Install the car package

install.packages("car")

Load the necessary packages as libraries

library(MASS)
library(car)

Create a new object for the mtcars data set:

data1 <- mtcars


Recoding Values within a Variable

If we wanted to recode values of a variable, we could do so using the recode function within the car package. Using the recode function, we need the name of the new variable we want to place in the data set, the name of the old variable we want to recode, and the recoded values.

Let’s say we wanted to recode the cyl variable.

unique(data1$cyl)
## [1] 6 4 8

As can be seen, it currently has 3 unique values: 4, 6, and 8, which represent cars that are 4-cylinder, 6-cylinder, and 8-cylinder vehicles. Let’s recode it into a binary variable (0,1) representing whether or not the car is a gas guzzler.

data1$gas_guzzler <- recode(data1$cyl, "4= 0; 6 = 1; 8 = 1")

As can be seen above, I’ve recoded the cyl variable into a new variable called gas_guzzler. As we can see, any observation (car) that is a 4-cylinder (has a value of 4 on the cyl variable) or a 6-cylinder (has a value of 6 on the cyl variable), was recoded as 0 on the new gas_guzzler variable. This means it is not a gas guzzler. Additionally, any observation (car) that is an 8-cylinder (has a value of 8 on the cyl variable) was recoded as 1 on the new gas_guzzler variable, meaning that it is a gas guzzler.

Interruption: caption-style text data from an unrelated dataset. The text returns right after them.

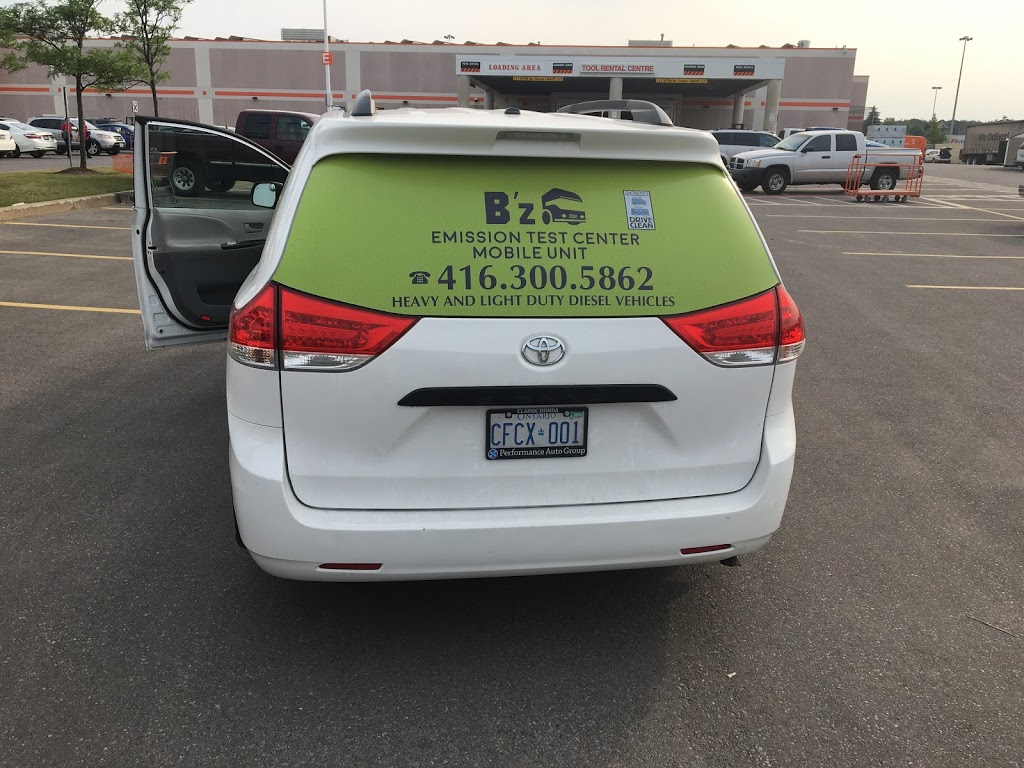Bz Emission Test | 94 White Tail Crescent, Brampton, ON L6Y 5B9, Canada | Phone: (416) 300-5862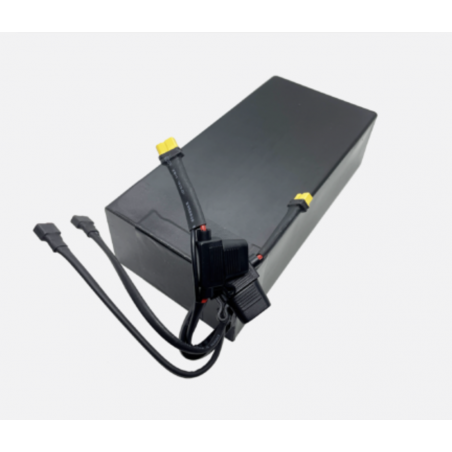 Urbanglide - Batterie Origine ECROSS MAX 2x2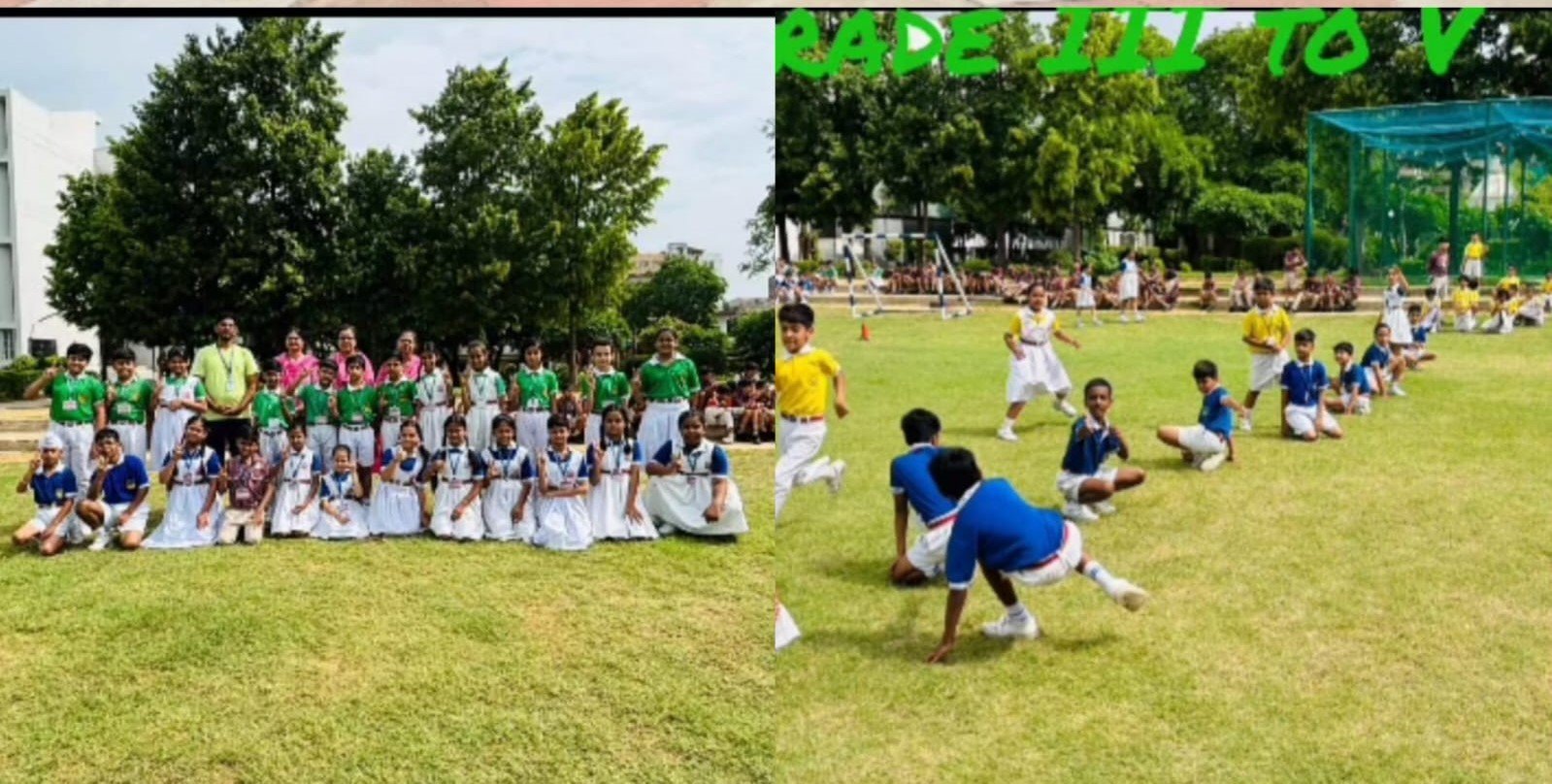 Young Athletes Shine in Inter-House Kho-Kho Competition (Classes III–V) 116 DAV2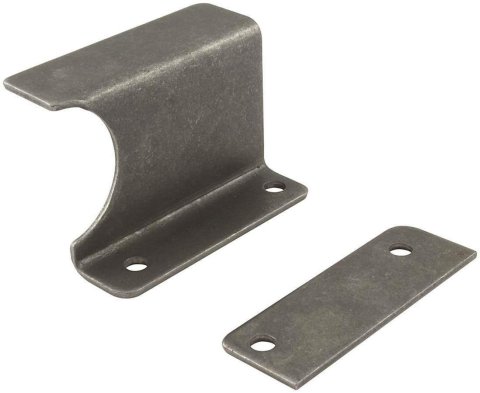 Allstar Performance Pedal Assembly Components & Accessories ALL54060 Brake Mount for Hanging Style Pedals, Each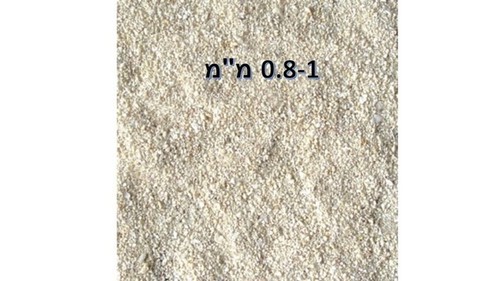 חצץ - חצץ אלמוגים דק  - 1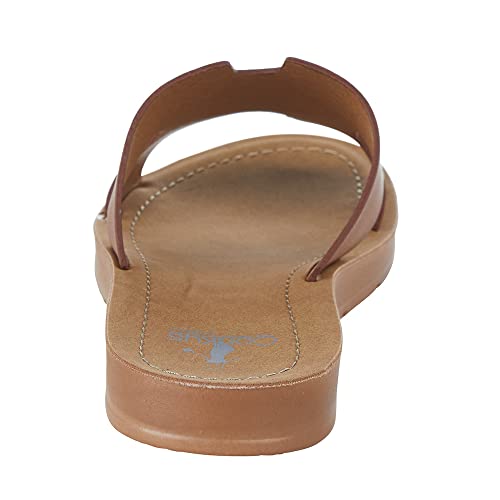 Corkys Footwear Women's Bogalusa Casual Modern Slip On Sandal4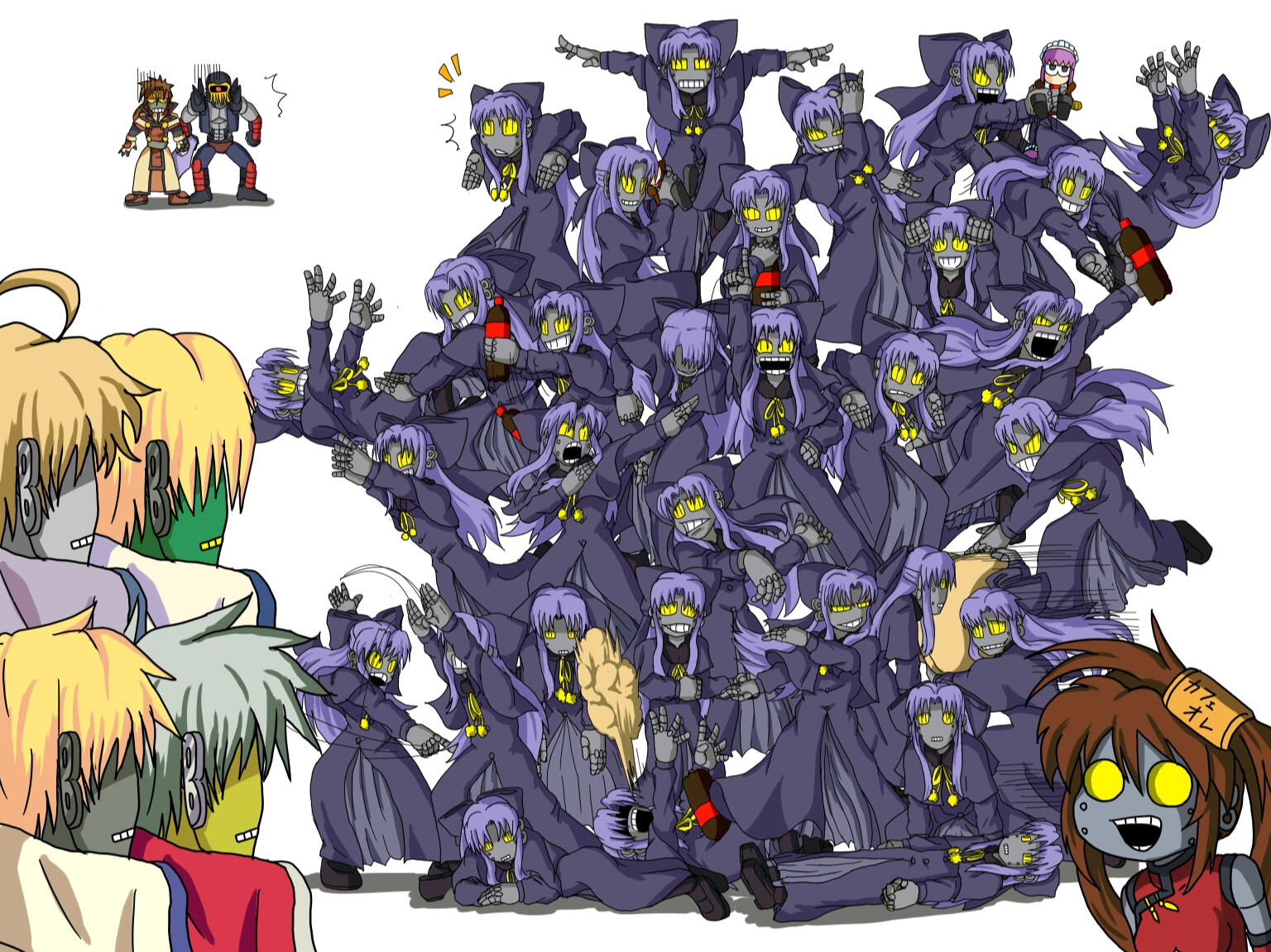 THANK YOU FOR SEEING ALL OF MY LOVE FOR ROBOS!!!!!!!!!!!!!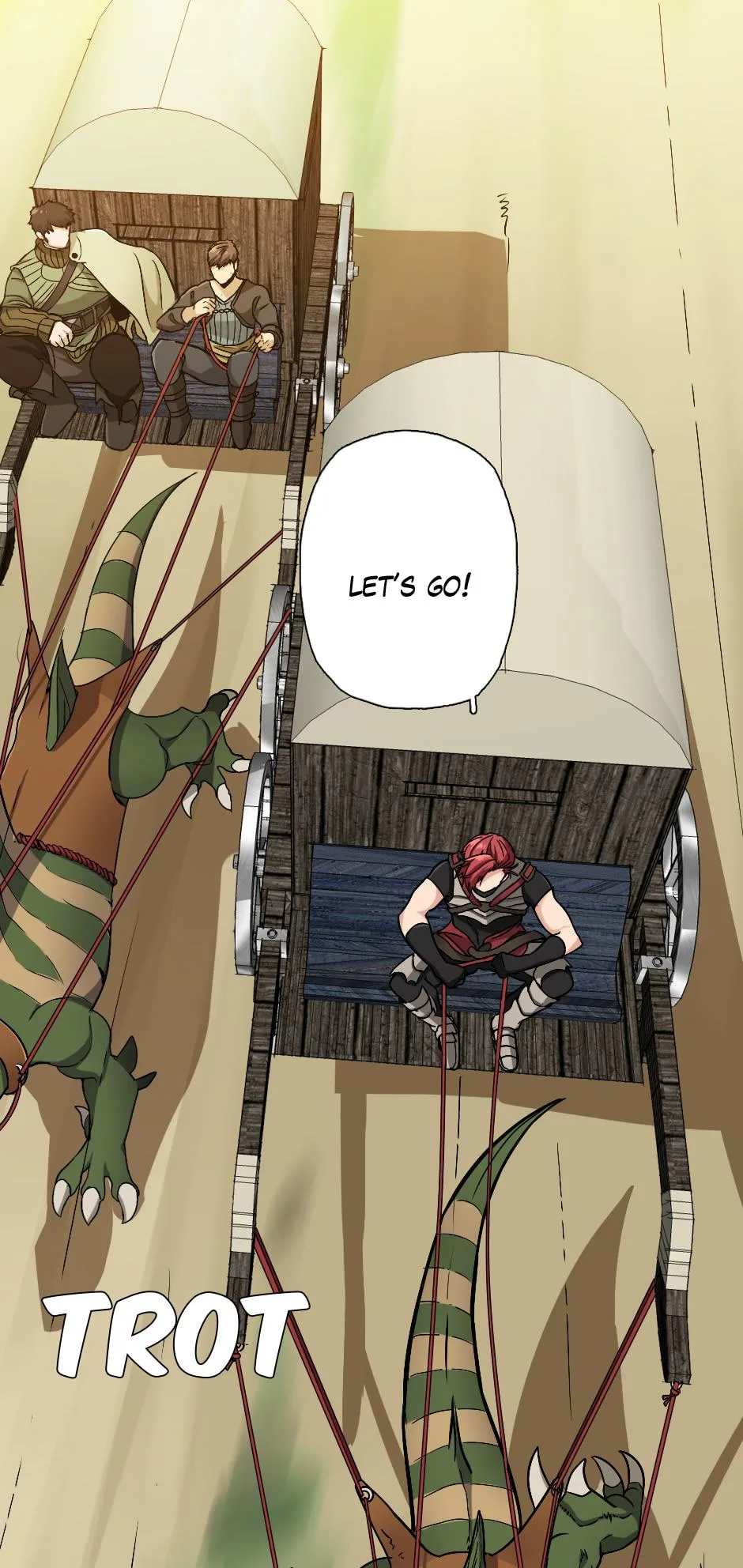 The Beginning After the End Chapter 6 – Page 56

Importantly, any additional values that exist in the cyl variable, that you did not specify with a recode value, will be given an NA (missing) value.

unique(data1$gas_guzzler)
## [1] 1 0

As seen above, we’ve successfully recoded this variable, from 3 unique values in the cyl variable, to 2 unique values in the gas_guzzler variable.


Another Way to Recode

Additionally, you can use several different calls within the recode function. Including the: concatenate (c()) function to create a list of values to recode, the lo: function (where you tell R to recode from the lowest value to whatever value follows the colon), the :hi function (where you tell R to recode from whatever value precedes the colon to the highest value), and the else function to recode everything else you missed as a specific value (rather than an NA missing value).

data1$type <- recode(data1$cyl, "c(4,6) = 0; 8 = 1")
data1$type2 <- recode(data1$cyl, "lo:6 = 0; 8:hi = 1")
data1$type3 <- recode(data1$cyl, "4 = 0; 6 = 0; 8 = 1; else = 1")